-- The problem --
I'd like the data beneath this line reproduced exactly, without any of its images.

-- Available data --
_ _ _
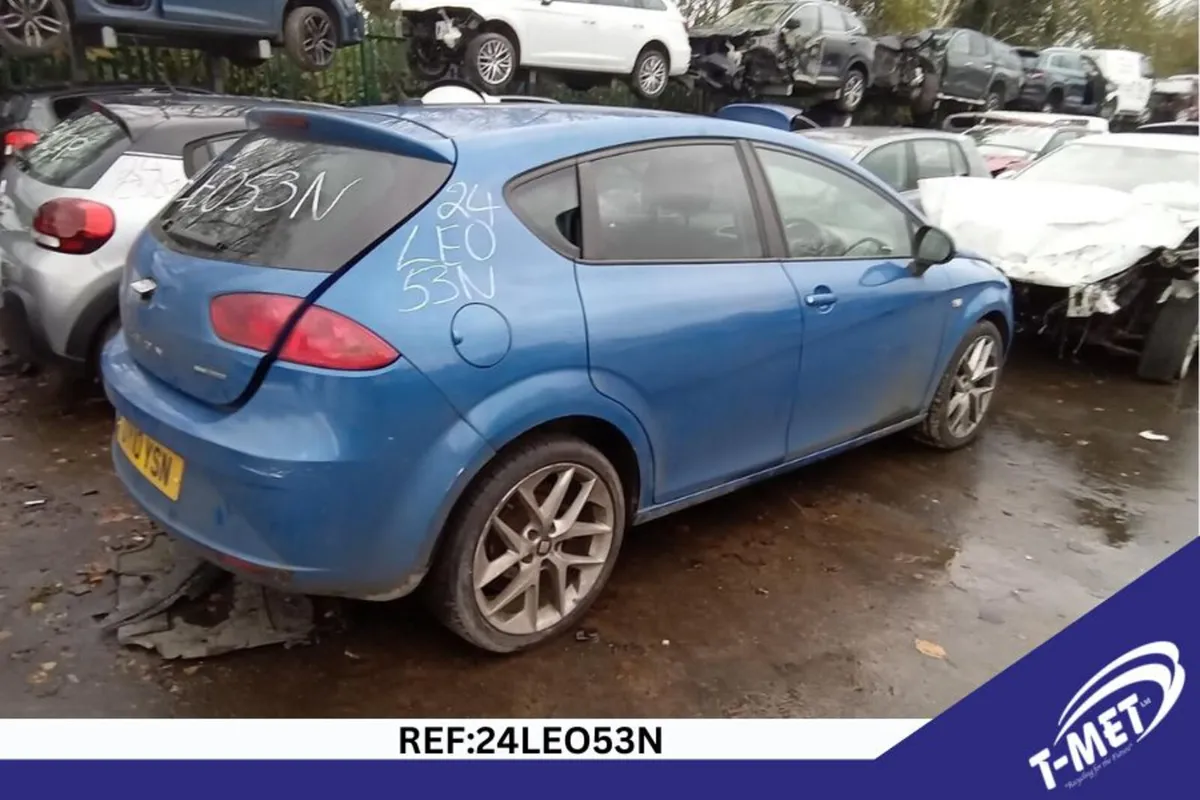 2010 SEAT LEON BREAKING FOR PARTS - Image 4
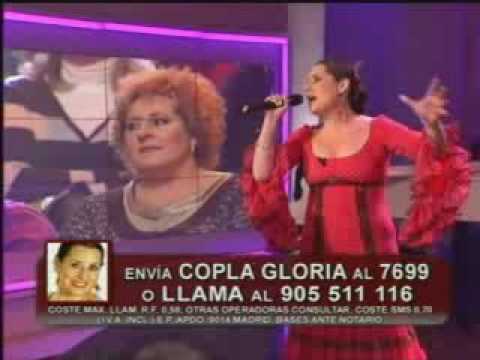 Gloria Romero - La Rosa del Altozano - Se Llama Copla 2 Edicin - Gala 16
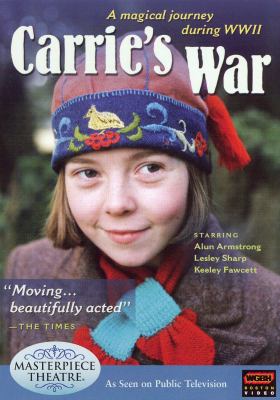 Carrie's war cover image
_ _ _
-- Answer for the task --
 2010 SEAT LEON BREAKING FOR PARTS - Image 4
 Gloria Romero - La Rosa del Altozano - Se Llama Copla 2 Edicin - Gala 16
 Carrie's war cover image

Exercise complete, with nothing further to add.